In the car this Tuesday just gone, husband and I heard on the radio that June 8th was the 200th anniversary of the birth of Schumann, German composer, aesthete and music critic. Robert Schumann (1810 – 1856) had started out pursuing a career as a virtuoso pianist (his teacher boosted his belief he’d be the best in Europe after study with him). However, when a hand injury slowed and then stalled Schumann’s chances, he decided to spin his musical energy into composing instead.
Up to 1840, all Schumann’s published material was written for the piano (showing, I suppose, that early allegiances stay strong). Later though his output bloomed as he wrote symphonies, chamber-work and more. The most noted shift was his turn to voice, as an opera, choral works and over 200 lieder (songs) all trickled from the nib of his pen. Early in life, Schumann started collecting poetry, which began a literary bent that played a big part in his interest in song.
It’s hard to ignore the soaring voices and plonking piano keys coming from this canvas of The Choristers by the Italian Alessandro Magnasco (1677 – 1749). Born in Genoa to a painter, Alessandro was sent to Milan as a young man to learn commerce. But, attracted to life as an artist, he convinced his patron there to cover the costs of an apprenticeship with an esteemed artist in the city (name Filippo Abbiati). This was around 1680: by the 1690s, Magnasco had completed his training and was plying his trade as a portrait painter.
It seems that this phase was short-lived: a good chunk of the artist’s output came to comprise melodramatic landscapes (usually with storm-tossed trees and raggedy rocks) and by 1695 he’d started capturing scenes from daily life. Indeed our work, painted at the end of Magnasco’s career and life, still shows him operating in the area he was drawn to.
This raucous work makes a point about Magnasco: often it’s tricky to classify what a picture is: history, genre, fancy, portrait? Here we have a cast of almost Punch and Judy-like characters, teetering on the cusp of caricature (small heads, deep-set eyes, distinctive noses, exaggerated gestures). These lively, brink-of-burlesque figures are his ‘type’ and it’s they who zip all the zing into this singing scene.

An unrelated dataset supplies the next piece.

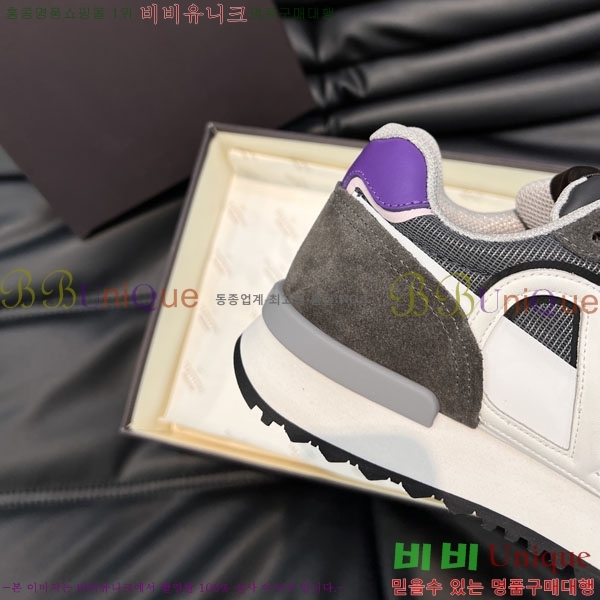 ���� �߷�Ƽ�� ����Ŀ�� A2391711-1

The composition sits settled towards the ground, with the figures arranged in a left-to-right sweep. Their clutter is balanced by the shot of blue sky spied below the columns and arches of the classical interior (in fact that same blue does a lot to hatch the picture into a cohesive whole: see how it’s dotted across in the garments of the men).

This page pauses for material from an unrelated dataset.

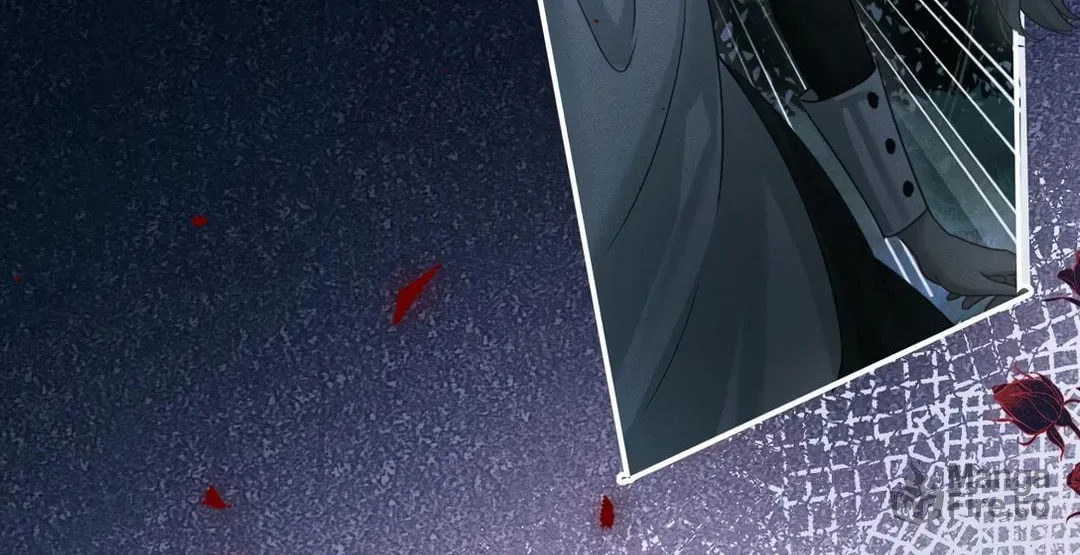 Programmed To Love You Chapter 2 page 75 -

At first, the Milanese much lauded Magnasco’s work, loving the way his unusual subjects (such as monastic life, ceremonies and rituals of religious sects, brigands or beggars, witches and devils) spotlighted issues of social reform and contemporary social ills. But during the last 15 years of his life (the period in which our picture falls), his work was deemed “worthless”, “ridiculous” and audiences started to turn away.
Perhaps it’s the edginess in his art that fell out of fashion: I love the super-sized song sheet here, for instance, and the way the furls of the furniture move with momentum, as if alive, but maybe those things were a little too much, and a little too ‘mad’. But madness sits alongside genius (so the cliché goes), and as was mentioned at the close of our radio show: for Schumann lived out his days in a mental institution, suffering from hallucinations and schizophrenia.